I didn’t spot this immediately, but the summation term also happens to be the first stage of a decimation in frequency transform. Recall the DIF FFT stage:

    \[ Y_k = \displaystyle\sum\limits_{n=0}^{N-1} y_n \mathrm{e}^{ - \frac{\mathrm{j} 2 \pi n k }{N} } \]
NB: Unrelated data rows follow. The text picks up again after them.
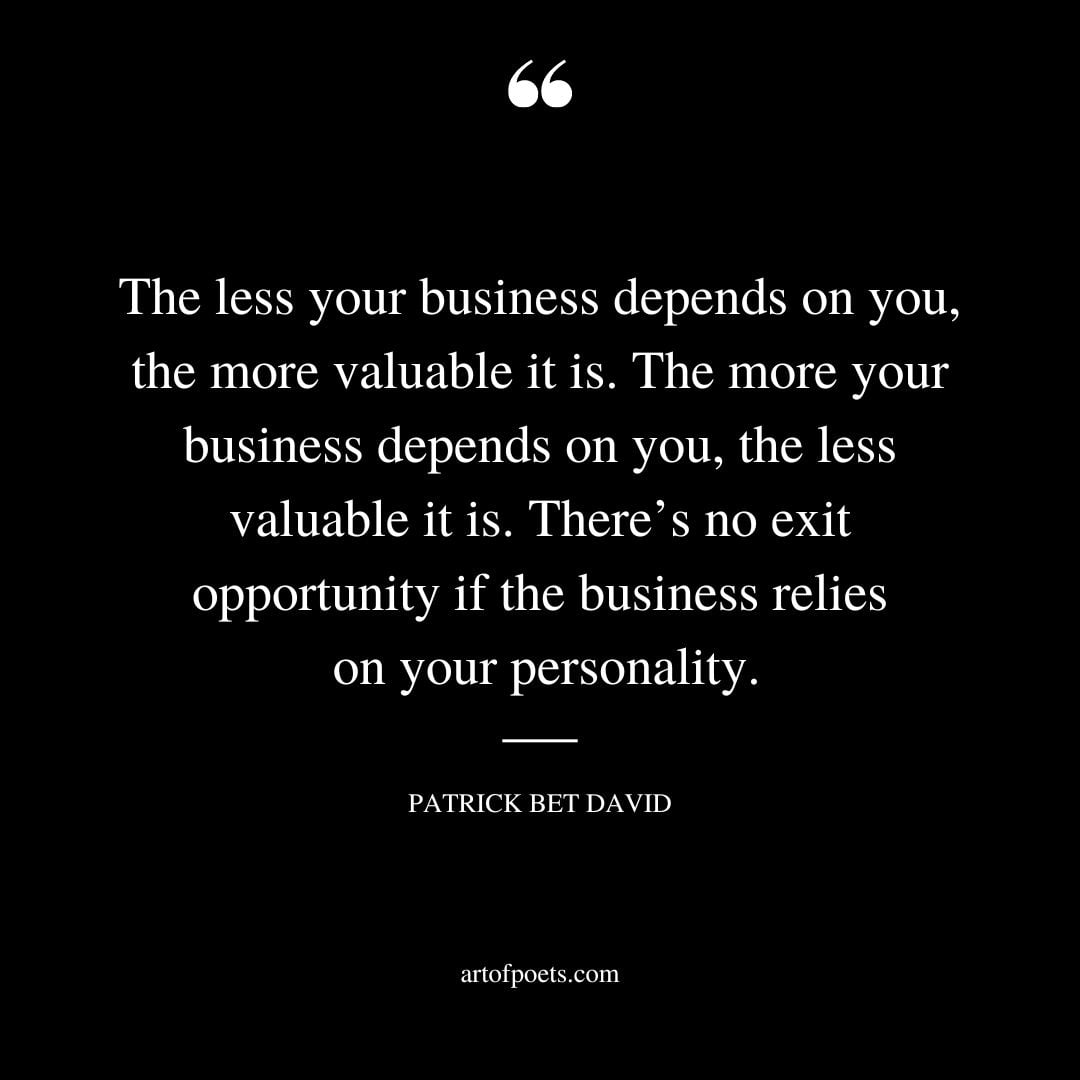 The less your business depends on you the more valuable it is. The more your business depends on you the less valuable it is. Theres no exit opportunity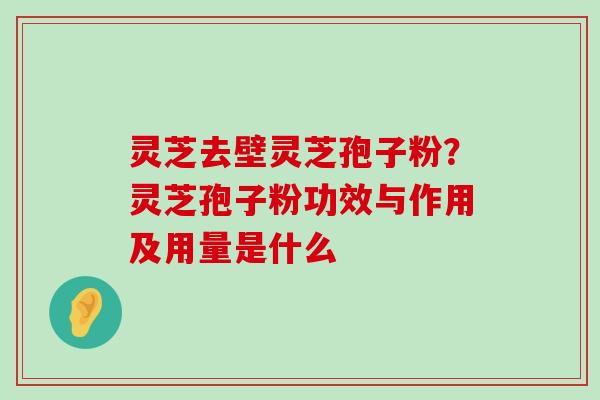 灵芝去壁灵芝孢子粉？灵芝孢子粉功效与作用及用量是什么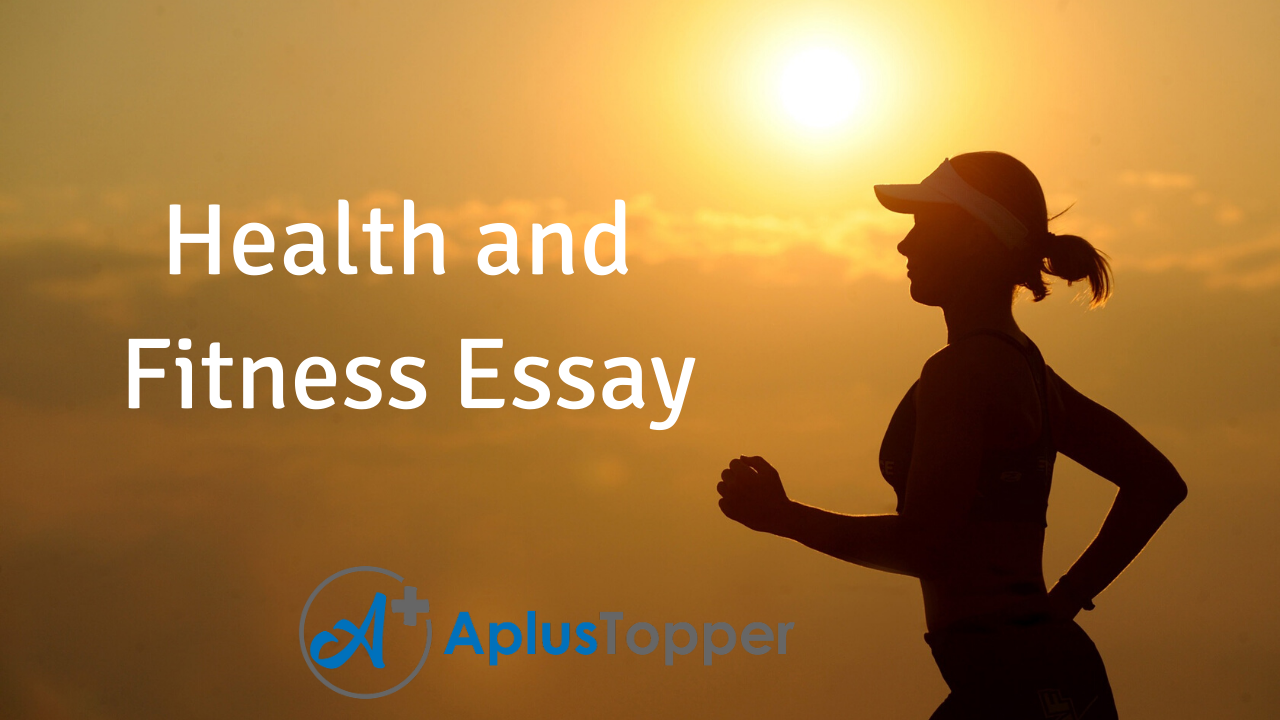 essay on health and fitness for class 8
    \[ Y_k = \displaystyle\sum\limits_{n=0}^{N/2-1} y_n \mathrm{e}^{ - \frac{\mathrm{j} 2 \pi n k }{N} } + y_{n+N/2} \mathrm{e}^{ - \frac{\mathrm{j} 2 \pi n k }{N} } \left( -1 \right)^k \]

So we create a new vector y_n:

    \[ y_n = \left\{ \begin{array}{l l} x_{2n} & \quad {0 <= n < N/2} \\ x_{N-2n-1} & \quad {N/2 <= n < N} \end{array} \right. \]

Then substitute back into X_k:

    \[ X_k = \Re \left\{ \mathrm{e}^{ - \frac{ \mathrm{j} \pi k }{ 2 N } } \displaystyle\sum\limits_{n=0}^{N-1} y_n \mathrm{e}^{ - \frac{ \mathrm{j} 2 \pi n k }{N} } \right\} \]

This actually becomes an N/2 length DFT if you use a real transform.